All over LJ and other sites as well I have seen dust collectors modified with the Thien separator. I am very curious and have an itch to go add one of these to my system but I don't know why.

I get the fact that the larger particles fall into this new added trash can and it reduces the amount of waste that ends up in the bag. That appears to be a significant advantage because its easier to dump.

But it seems to me that adding this additional component would reduce the amount of suction available at the end of the hose. The trade off's between suction loss and ease of waste disposal don't seem to offset for me.

What am I missing? Are there advantages that I am not taking into consideration.


----------



## gtbuzz (Sep 19, 2011)

You're right, it does slightly reduce the suction due to the increase in static pressure. The main purpose of these things, however, is not to keep the bag from filling up as quickly but rather to keep far less material out of the filter. In doing so, it remains free and clear for longer. You end up taking the initial hit on suction but over time, it remains relatively consistent, whereas if you didn't separate out the bulk of the heavy particulates first, they would really degrade performance over time.


----------



## bondogaposis (Dec 18, 2011)

Yes, gtbuzz has it right. Another advantage is that it keeps the majority of the debris from ever contacting the impellers. That reduces wear and tear and on the dust collector especially when you consider how likely it is to suck up screws and other harsh bits that can be found on most shop floors.


----------



## wapakfred (Jul 29, 2011)

Plus, it's easier to empty the can with a Thein than a dust bag on a SS DC.


----------



## DIYaholic (Jan 28, 2011)

A canister filter improves air flow (due to the increased surface area) and removes more of the dangerous fine particles (better for your lungs). I highly recommend a Wynn Nano filter. If you add a Thien pre-separator and also upgrade to a canister filter, the loss of suction (from the Thien upgrade) is offset by the increase of suction provided by the canister. You also will be able to reduce the risk to your lungs!!!


----------



## becikeja (Sep 12, 2010)

good points to consider.

Thanks


----------



## bbc557ci (Sep 20, 2012)

Loss of suction …. My HF DC is integrated with a cyclone and it flattened a Brute 30-32 gallon can, so I had to switch to a metal can. No expert here at all, but think I can live with the minor loss of suction ;o)


----------



## BTimmons (Aug 6, 2011)

Bill, I did the exact same thing when I made my first separator for the HF DC. Plastic trash can crumpled like a paper bag!


----------



## Loren (May 30, 2008)

I have a cyclone and the filter gets clogged often. A larger
filter would be one solution.

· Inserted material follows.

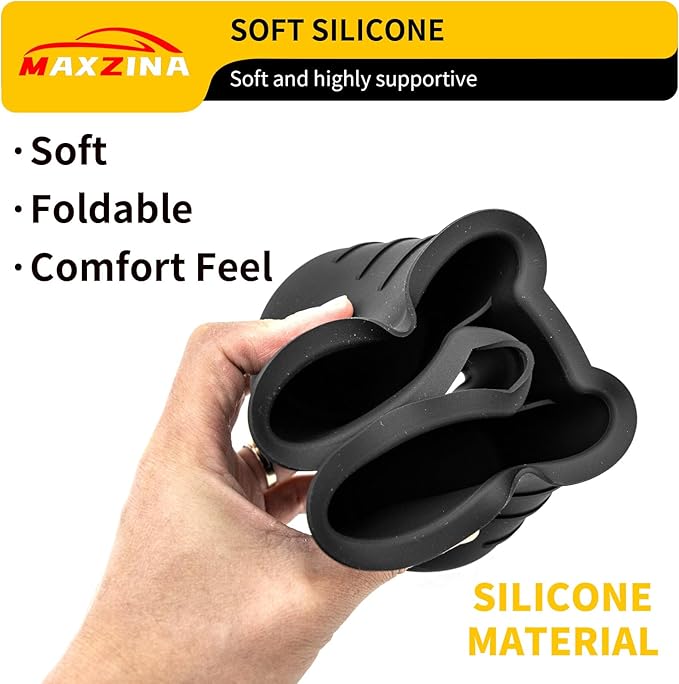 Maxzina Cup Holder Compatible with 2023-2025 Honda Pilot 8 Seats 2nd Row Black Silicone Car Center Console Cup Holder Insert Storage Box Interior Armrest Organizer for 2024 Pilot Accessories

Mine is a diesel truck filter.

I'd prefer outside bags. I have a second dust collector
with bags and it doesn't lose suction the way the cyclone
does. To be fair the cyclone is underpowered and
the bag collector is a beast.


----------



## smokie (Dec 29, 2012)

becikeja. I'm running a Thien clone on a 5gal plastic paint can with a 14 gal. Rigid Shop vac. Works like a hot damn.


----------